The clearest indication that the amount of crossbows fired was quite likely severely exaggerated is the size of the battle field...and the number of Dutch (and the breakdown of these numbers) present.

The troops send by the city states / merchant cities have been documented and the weapons they carried.
Unless they were dual wielding crossbows it would been unlikely that they would have fired over a thousand crossbows when Philip had less personal troops there then in a later battle when he got reinforcements and his numbers still barely broke 2000 troops...

Pretty much all of the local militias had about a quarter ranged and three quarter melee troops, except for some very specific named companies.
At this battle his 'knights' broke the English longbowmen by pretty much walking up to them and engaging them in melee combat.

And Philip did not have all that many knights there.

The Dutch documents claim three thousand English killed...which is pretty certainly double what actually was killed and two hundred captured.
( the English numbered less then 1700 troops but they had 1500 allies approximately from Zeeuwland and only 500 of these English troops were longbowmen)

The Arbalasts of the Dutch did seem to be effective but the English longbowmen were more disciplined and returned fire causing the Dutch to acted in a disoriented manner.
The reason why is speculated to be that the commanders of the Dutch local militia were injured or killed in the English volley fire.

After which the Bourgundiers decided to go for melee combat and they pushed the enemy back.

Philip almost died in the melee but he had to participate himself....
That there is biggest indication how few armoured melee combatants Philip had himself at his disposition.
Philip supposedly had only several hundred heavily armoured men at arms at his disposition there and a few dozen knights of whom one died which became a big thing as he was the person that pretty much dragged Philip into the fighting.

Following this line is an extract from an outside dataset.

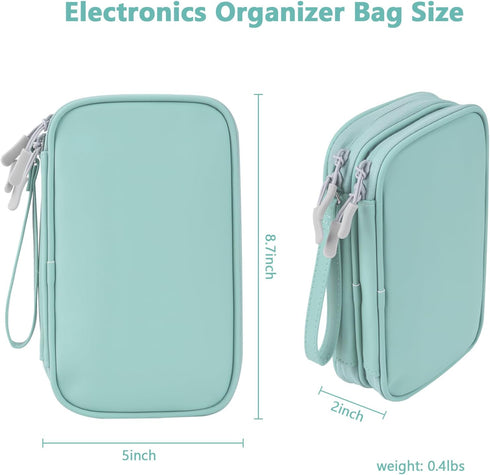 DDgro Tech Organizer Travel Carrying Case, Cables Pouch for Electronics Accessories, Mint Green, PU-M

The English side ended up trapped at the foot of a dyke and were hemmed in where they got slaughtered wich sounds to me as if they tried to retreat and got themselves trapped in a dead end instead.

Official figures claim 4000 troops on Philip's side and 3500 on the other side (keep in mind that at least 500 of them never got involved into the fighting as they were the crew of the ships that brought the English troops over).
The 4000 on Philip's side consisted for the vast majority of Dutch farmers and city folk (burgers), the contingents from Dordrecht (with 8000 people at the time the biggest city in Holland...), Delft (6500 people) and Den Haag (did not make it into the top ten cities in Holland at this time...) were all together barely 1000 strong (and that may include non-combatants actually).
These militias which Philip raised himself were well equipped with armour which makes them unlikely to have a large amount of crossbowmen and did not have specific mentions of large amounts of crossbowmen.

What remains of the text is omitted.